In Josephine Johnson’s Pulitzer-winning novel, Now in November, Grant and Marget come across a snake while walking on the farm. Grant can tell that it’s about to shed its skin. Marget then wishes she knew as many things about the world as Grant does. Then Grant makes a remarkable admission. “I have a fool hopeful belief,” he says, “that the more we know, the more we can come to understand.”
For those of us who are hopelessly addicted to learning new things, these are assuring words. In fact we know intuitively that they are true. Those moments in our lives when the light of understanding breaks through our otherwise clouded existence, it often comes piggy-back on what we already know – in contingencies of previously known facts.
And yet the opposite also seems true. Sometimes the more we know, the more confusing things become. In a recent evaluation of how little we know about nitrogen fixation in plants, G.J. Leigh laments that, “the more we know, the less we understand.” (See The World’s Greatest Fix, A History of Nitrogen and Agriculture, Oxford University Press, 2004, p. 178.)
This, of course, is a common theme in science and is more often expressed as, “the more we know, the more we realize that we don’t know.” This has become an aphorism and a call to humility among scientists for a long time, but scientists don’t normally understand it to mean that the more we know, the less we wisdom we have.
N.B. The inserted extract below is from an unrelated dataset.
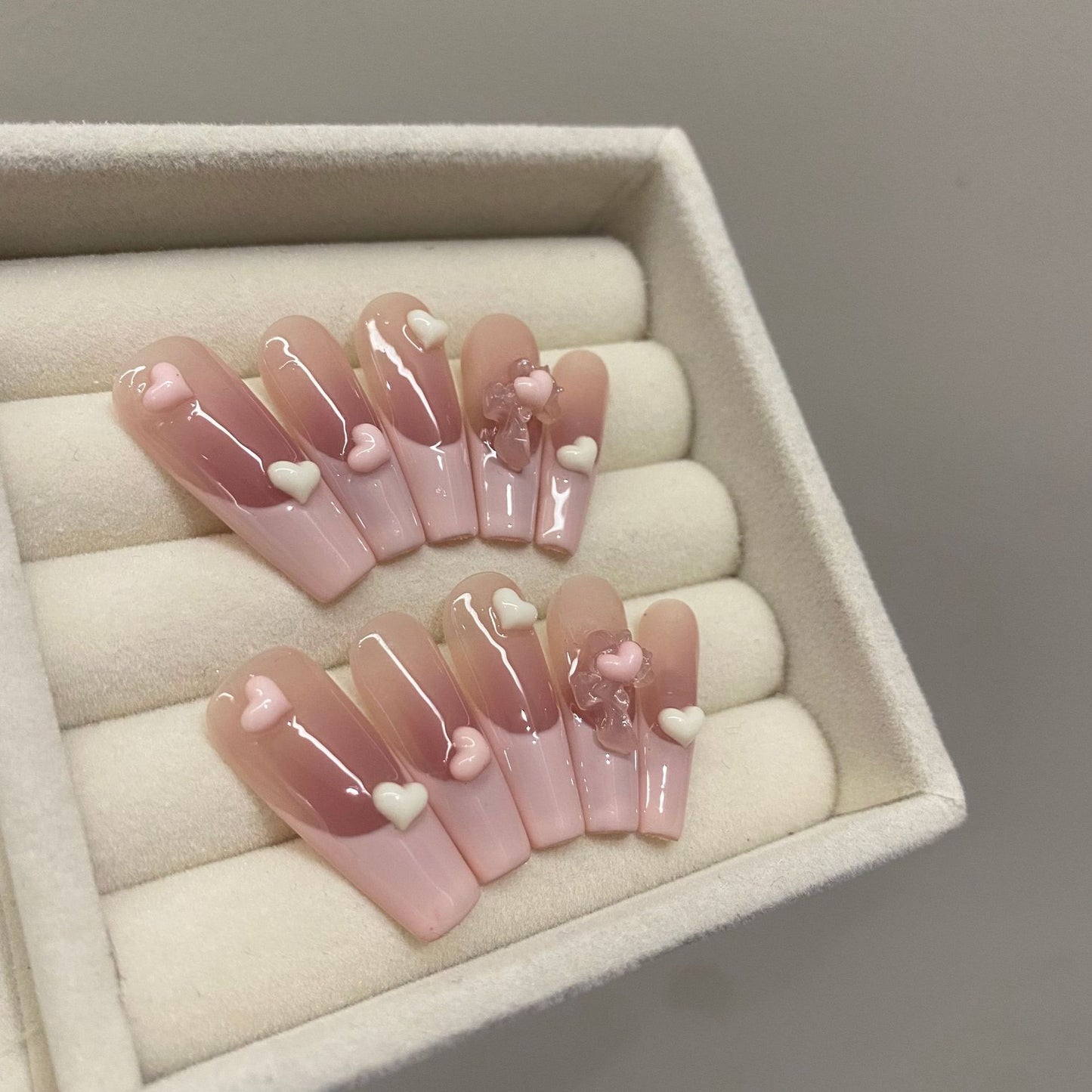 Autocollants pour ongles en forme de cœur et de nœud papillon en stéréo vidéo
On the contrary, most scientists believe that the more we are aware of our knowledge gaps, the greater is our understanding, at least to a degree.
So all of this seems to imply that both statements are true. The more we know, the more we do understand - in an absolute sense (our total amount of knowledge does increase). But it is also true that the more we know, the awareness of our ignorance also increases, such that the proportion of our knowledge, compared to all there really is to be known, becomes less. At least it appears less to us.
In Grant’s conversation with Marget, it is apparent that he wants understanding most of all. Knowledge is just a way of getting understanding. This is certainly a commendable use of knowledge. Many have been the abuses of knowledge for less worthy ends - such as power, prestige, or wealth. But understanding by itself is not free of ambiguity. This is because understanding implies a world view.
Knowledge without a polestar is like plowing a field without your eyes fixed on an immoveable object. You begin to wander in many different directions. The wandering may be subtle or not so subtle, but it is wandering nonetheless. This sounds a bit too subjective for most people - who want absolute facts free of value judgments or preconceived theories. The only problem with this kind of thinking is that we humans aren’t made to see the world this way. The need for a polestar is part of our nature.
Grant’s next question could easily be, “why do snakes shed their skin?” followed ultimately by, “why are there even snakes at all?” the answers to these questions can be very different if one’s polestar sees the creation as a product of chance or part of an intended order.
All of our knowledge, ultimately, is informed by our views, whether we realize it or not. Even the certain laws of mathematics will be pointed in different directions in persons of different polestars. They may be grounded immovably in fact, but the direction they are headed makes all the difference in the world.
The remarkable truth to be gained from all of this is that there is only one ordered universe that accounts for all knowledge – and therefore only one polestar that aligns with all of this knowledge. All other polestars will never be able to account for everything – there are simply too many contradictions.
Think of a million ropes (representing a million bits of knowledge) all tied to the ground and measured precisely to hold a giant hot air balloon high above the earth. When working as they were designed to, each rope is securely fastened to the balloon and carries an equal share of the weight. Any other balloon anywhere else in the world would leave many ropes unused, or twisted and out of proportion. Our balloon – that is, our world – is clearly not this way. It is an ordered world.
Instead of a twisted laws, or no apparent laws at all, we experience systems that work with great precision together in ways to foster life. Many of these systems – in fact most of them – we are ignorant of. There is a lot of knowledge that we will never have. We can therefore be forgiven for this ignorance, at least in part. Our choice of polestars, however, is a different thing. Our understanding depends on which one we chose. It seems obvious that we should choose one that is ordered the best. To me it seems obvious that this is a created order.